**Your objective**. Return all the data below as it stands, minus the pictures.

**Supplied material**.
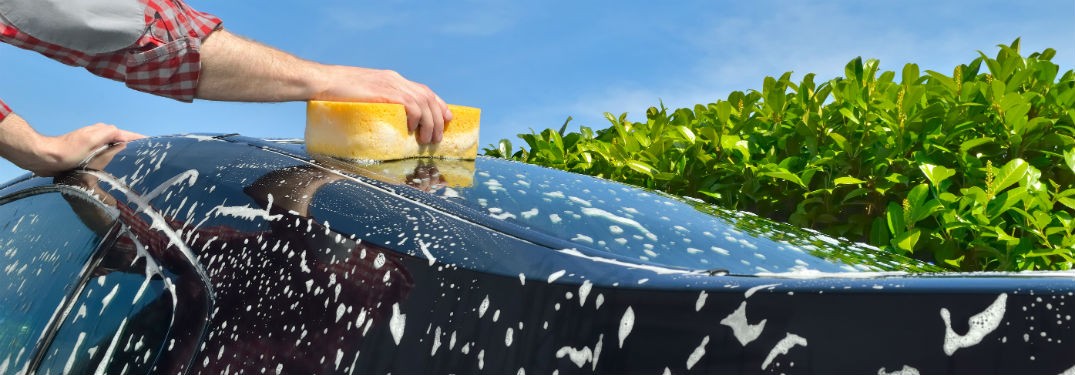 a hand cleaning a car's exterior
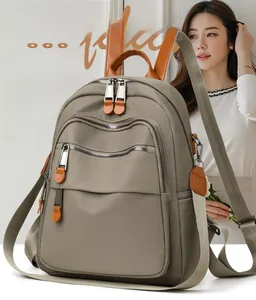 Detail of grey waterproof nylon backpack with brown leather handles and zipper pockets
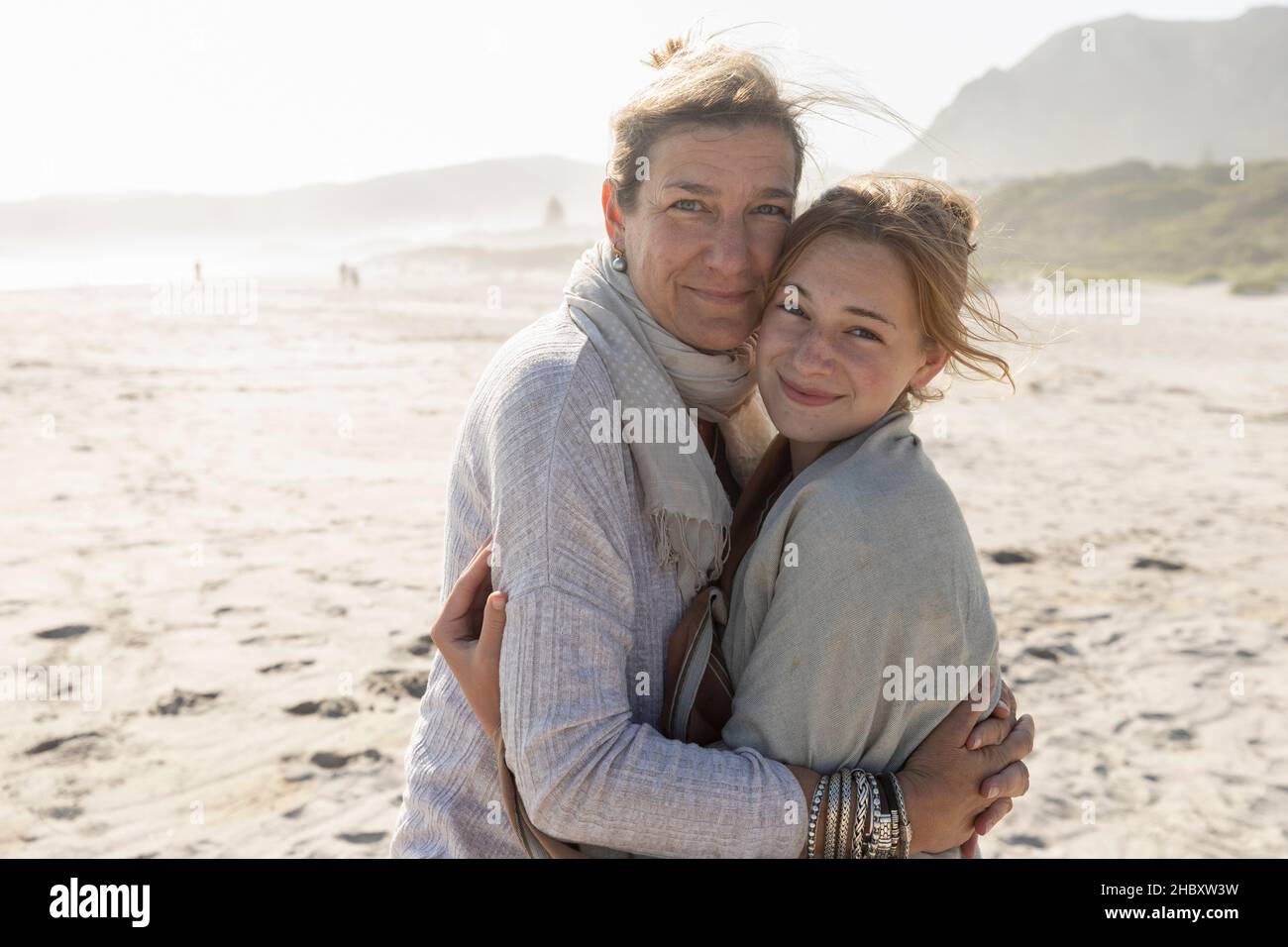 Die Erwachsene Frau und ihre Tochter im Teenageralter umarmen sich und stehen an einem windgepeitschten Strand Stockfoto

**Finished task**.
 a hand cleaning a car's exterior
 Detail of grey waterproof nylon backpack with brown leather handles and zipper pockets
 Die Erwachsene Frau und ihre Tochter im Teenageralter umarmen sich und stehen an einem windgepeitschten Strand Stockfoto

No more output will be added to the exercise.